Search code examples
synchronizationgpuvulkanmemory-barriers

Vulkan Synchronization: Avoiding write after write hazard, why this is correct?


In the problem: "First render-pass writes to a depth attachment. Second render-pass re-uses the same depth attachment."

I saw the official wiki(vulkan wiki) says:

This is an example of a WAW (Write-After-Write) hazard, which always require a memory dependency. Even if the render-pass does not read the output of the previous pass (in fact, in this example the previously image contents are explicitly not preserved by nature of transitioning from UNDEFINED) we still need a memory dependency to ensure writes to the image are not re-ordered.

And it provides a example of it, using subpass dependency:

.srcStageMask = VK_PIPELINE_STAGE_LATE_FRAGMENT_TESTS_BIT,  // Store op is always performed in late tests, after subpass access
.dstStageMask = VK_PIPELINE_STAGE_EARLY_FRAGMENT_TESTS_BIT, // Load op is always performed in early tests, before subpass access
.srcAccessMask = VK_ACCESS_DEPTH_STENCIL_ATTACHMENT_WRITE_BIT,
.dstAccessMask = VK_ACCESS_DEPTH_STENCIL_ATTACHMENT_WRITE_BIT | VK_ACCESS_DEPTH_STENCIL_ATTACHMENT_READ_BIT

While the vulkan tutorial(vulkan tutorial depth buffer chapter) provides a seemingly different solution to that problem:

.srcStageMask = VK_PIPELINE_STAGE_COLOR_ATTACHMENT_OUTPUT_BIT | VK_PIPELINE_STAGE_EARLY_FRAGMENT_TESTS_BIT;
.srcAccessMask = 0
.dstStageMask = VK_PIPELINE_STAGE_COLOR_ATTACHMENT_OUTPUT_BIT | VK_PIPELINE_STAGE_EARLY_FRAGMENT_TESTS_BIT;
.dstAccessMask = VK_ACCESS_COLOR_ATTACHMENT_WRITE_BIT | VK_ACCESS_DEPTH_STENCIL_ATTACHMENT_WRITE_BIT;

In this case, if we ignore the color attachment stages and access bits, then this solution seems to only provide an execution dependency but without memory dependency for operations regarding the depth attachment.

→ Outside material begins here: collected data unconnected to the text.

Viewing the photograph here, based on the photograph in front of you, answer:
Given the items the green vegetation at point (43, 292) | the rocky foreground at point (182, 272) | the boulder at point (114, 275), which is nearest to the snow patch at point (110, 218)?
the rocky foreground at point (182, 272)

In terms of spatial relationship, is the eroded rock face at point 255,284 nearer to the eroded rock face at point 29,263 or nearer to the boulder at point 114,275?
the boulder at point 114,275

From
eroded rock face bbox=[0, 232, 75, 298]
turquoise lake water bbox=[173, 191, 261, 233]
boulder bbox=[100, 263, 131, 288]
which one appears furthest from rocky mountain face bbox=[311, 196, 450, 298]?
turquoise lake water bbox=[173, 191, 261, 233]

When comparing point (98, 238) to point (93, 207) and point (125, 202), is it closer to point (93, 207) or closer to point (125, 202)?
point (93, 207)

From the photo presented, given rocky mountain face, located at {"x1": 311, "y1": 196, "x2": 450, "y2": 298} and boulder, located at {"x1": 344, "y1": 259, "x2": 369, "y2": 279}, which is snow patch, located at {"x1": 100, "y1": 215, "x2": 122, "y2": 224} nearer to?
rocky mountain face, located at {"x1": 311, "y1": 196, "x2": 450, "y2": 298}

I'm not sure I'm understanding this right (the two cases regarding depth attachment are the same and the second solution only provides a execution dependency for ops regarding depth attachment) So I would be appreciated that someone could clarify why the second solution is right (or they are just essentially the same).

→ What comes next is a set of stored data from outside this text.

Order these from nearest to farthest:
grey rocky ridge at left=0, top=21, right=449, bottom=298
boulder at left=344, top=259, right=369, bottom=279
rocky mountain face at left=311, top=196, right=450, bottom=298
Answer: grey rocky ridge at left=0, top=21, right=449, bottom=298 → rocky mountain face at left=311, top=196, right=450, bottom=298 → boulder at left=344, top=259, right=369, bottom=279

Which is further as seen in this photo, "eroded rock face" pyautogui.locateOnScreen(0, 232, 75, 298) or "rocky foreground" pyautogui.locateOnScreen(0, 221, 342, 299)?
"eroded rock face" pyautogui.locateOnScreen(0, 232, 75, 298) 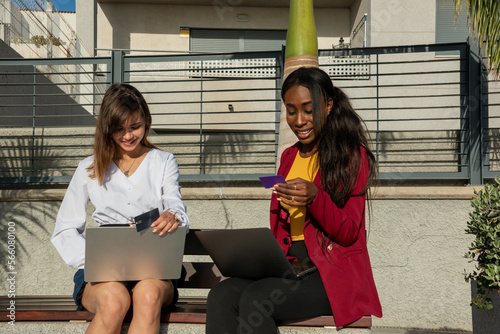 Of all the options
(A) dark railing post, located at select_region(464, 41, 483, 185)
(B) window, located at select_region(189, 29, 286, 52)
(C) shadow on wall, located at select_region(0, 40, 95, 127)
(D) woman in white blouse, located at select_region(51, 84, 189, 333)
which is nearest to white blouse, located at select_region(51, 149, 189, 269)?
(D) woman in white blouse, located at select_region(51, 84, 189, 333)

If I'm understanding this correct, then the solution in the vulkan tutorial cannot provide a memory barrier between multiple memory writes across different subpass, then why it is an acceptable solution?


Solution

  • The synchronization situation is as so:

    Synchronization of depth between two render passes

    Now, the Vulkan specification is quite explicit:

    • Load Op for depth attachment happens in VK_PIPELINE_STAGE_EARLY_FRAGMENT_TESTS_BIT with VK_ACCESS_DEPTH_STENCIL_ATTACHMENT_READ_BIT in case of a VK_ATTACHMENT_LOAD_OP_LOAD, and *_WRITE in case of CLEAR or DONT_CARE.
    • Store Op for depth attachment happens in VK_PIPELINE_STAGE_LATE_FRAGMENT_TESTS_BIT with VK_ACCESS_DEPTH_STENCIL_ATTACHMENT_WRITE_BIT
    • Layout Transition always happens somewhere between srcStageMask and dstStageMask.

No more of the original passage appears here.